Die gefühlte Bedrohung durch Polyamorie

So etwas zu postulieren, ist auch 2017 noch immer nicht ganz einfach – möglicherweise auch, weil sich so viele Menschen, die in monogamen Beziehungen leben, davon bedroht fühlen.

Ein Beispiel: Conley hat bereits nachgewiesen, dass Menschen in einvernehmlich nicht-monogamen Beziehungen mehr auf Safer Sex achten als die, die ihren Partner heimlich betrügen. Ein Reviewer nannte Conleys Ergebnisse „gefährlich". Warum, ist schwer nachzuvollziehen – besonders, weil eine weitere große Umfrage in den USA zeigte, dass sich monogame Menschen genauso häufig Geschlechtskrankheiten einfangen wie nicht-monogame.

Conley will aber nicht die Monogamie schlechtreden, wie sie immer wieder in Interviews betont. Sie will lediglich herausstellen, dass eine offene Beziehung für manche Menschen ein besserer Weg ist, um ein glückliches Liebes- und Sexleben zu führen.

„Wenn wir unsere Diskussion so emotional führen, können wir wahrscheinlich nicht mehr logisch darüber nachdenken", sagt Conley gegenüber Quartz. Denn wer sich von Emotionen leiten lässt, bricht grundlegende wissenschaftliche Prinzipien. Die schreiben nämlich vor, sich seinem Untersuchungs-Subjekt objektiv anzunähern und sich möglichst nicht von den eigenen Einstellungen, der Erziehung, Idealen oder Vorurteilen beeinflussen zu lassen.

Tatsächlich sind evolutionsbedingt fast alle Wesen polyamourös – weil es die Überlebenschancen einer Herde verbessert. Andererseits sind wir monogam sozialisiert.
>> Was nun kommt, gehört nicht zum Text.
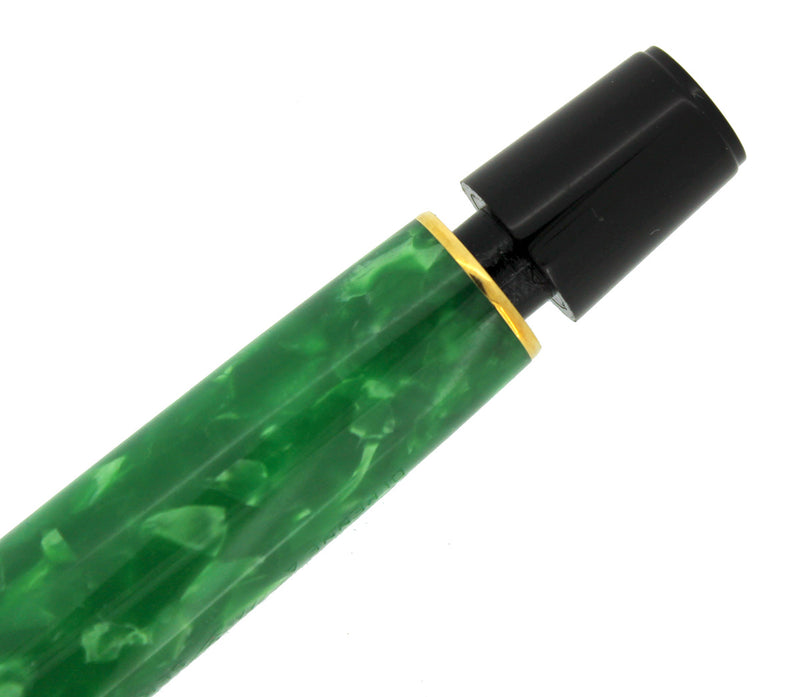JADE AURORA PRIMAVERA LIMITED EDITION FOUNTAIN PEN 18K STUB NIB MINT NEW OLD STOCK OFFERED BY ANTIQUE DIGGER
Doch das ist ein relativ junges Phänomen: Erst seit rund 20.000 Jahren, mit der Erfindung der Landwirtschaft und damit einhergehenden kulturellen Vorstellungen von Besitz, leben wir so, wie wir noch heute leben.

Es ist wohl dieser seltsame Widerspruch, der die Untersuchung dieses Themas so schwierig macht. Solange wir uns nicht darüber im Klaren sind, dass die Wissenschaft die Tendenz hat, ein Beziehungsmodell besser als das andere darzustellen, wird das wohl auch so bleiben.